### RECORDED DATA
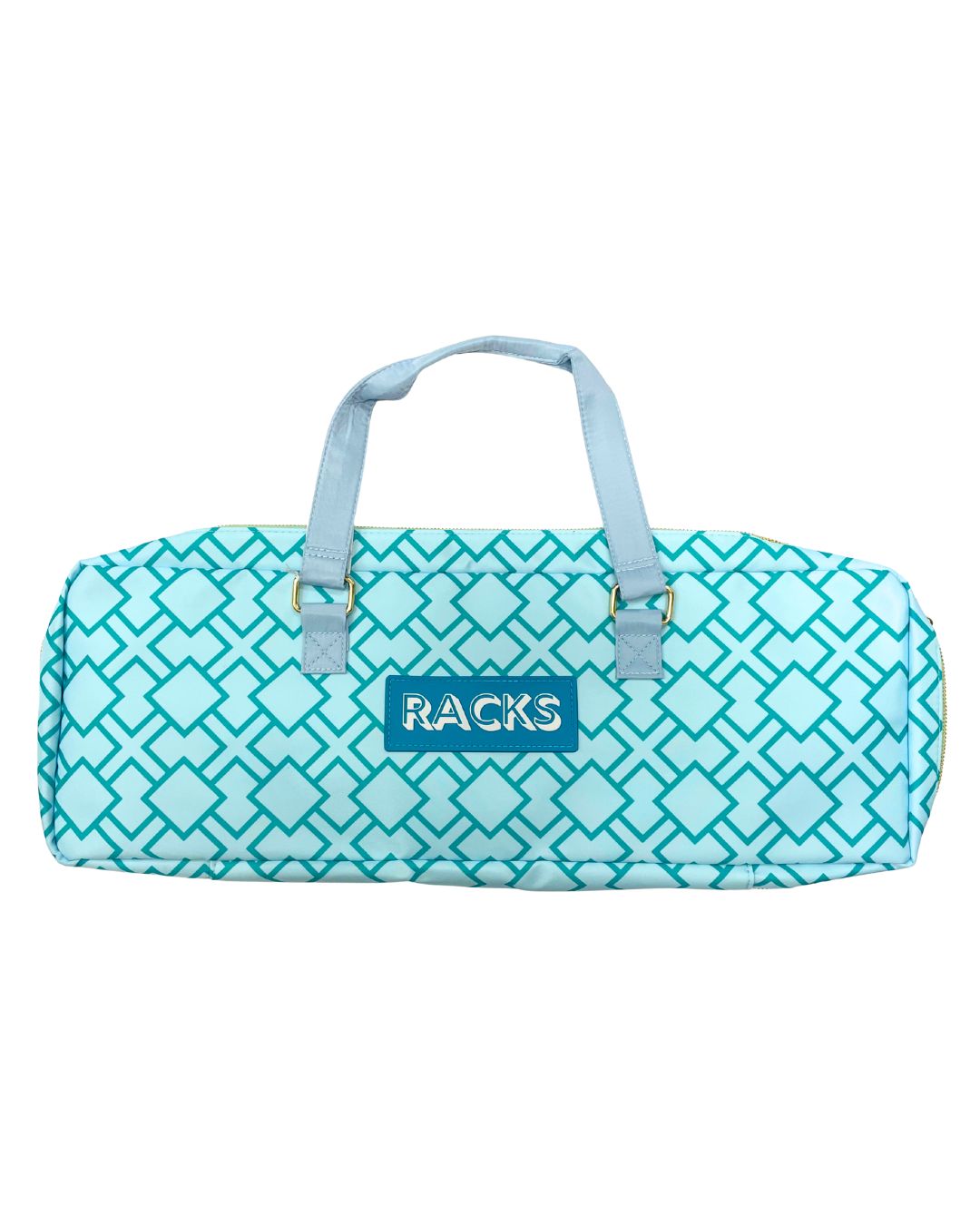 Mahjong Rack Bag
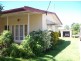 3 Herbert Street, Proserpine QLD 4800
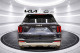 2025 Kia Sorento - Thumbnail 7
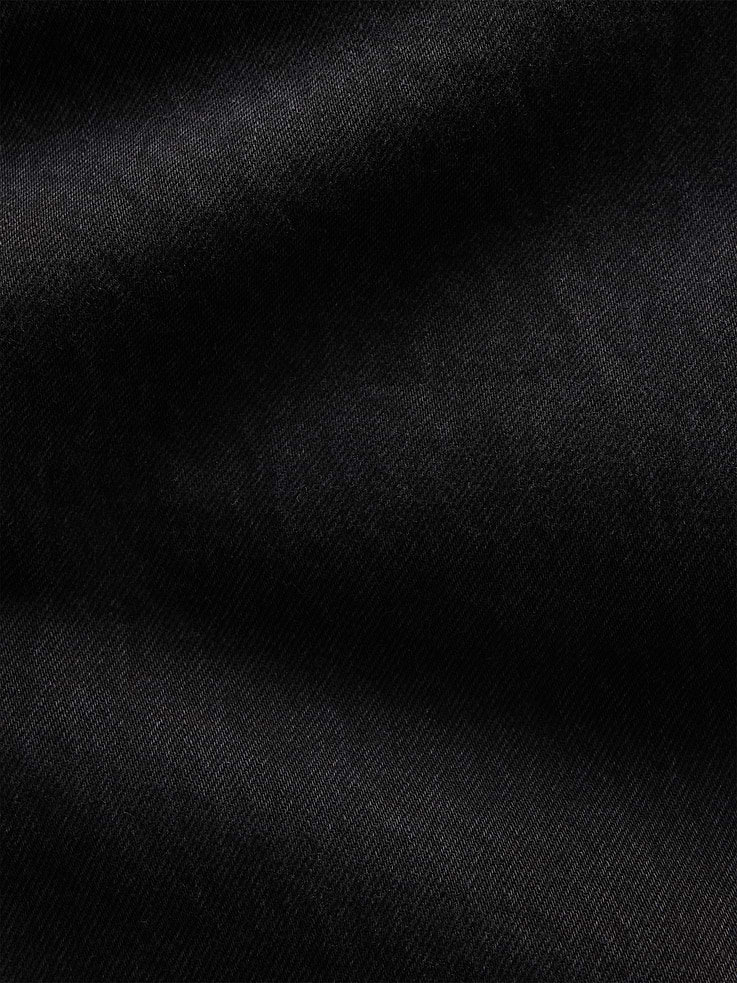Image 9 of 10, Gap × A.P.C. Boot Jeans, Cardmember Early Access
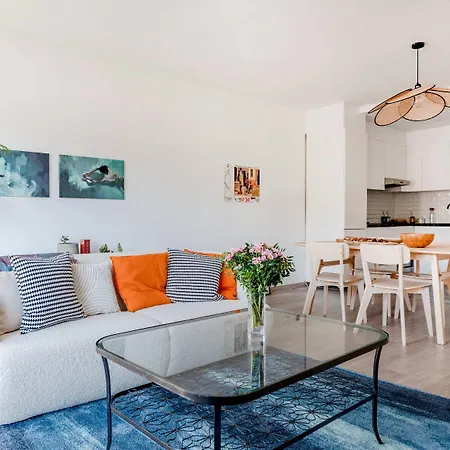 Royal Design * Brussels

### DIRECTIONS
Your copy should consist only of the lines from the line holding "2025 Kia Sorento - Thumbnail 7" through the final line of the listing above, both included, with all pictures omitted.

### YOUR RESPONSE
 2025 Kia Sorento - Thumbnail 7
Image 9 of 10, Gap × A.P.C. Boot Jeans, Cardmember Early Access
 Royal Design * Brussels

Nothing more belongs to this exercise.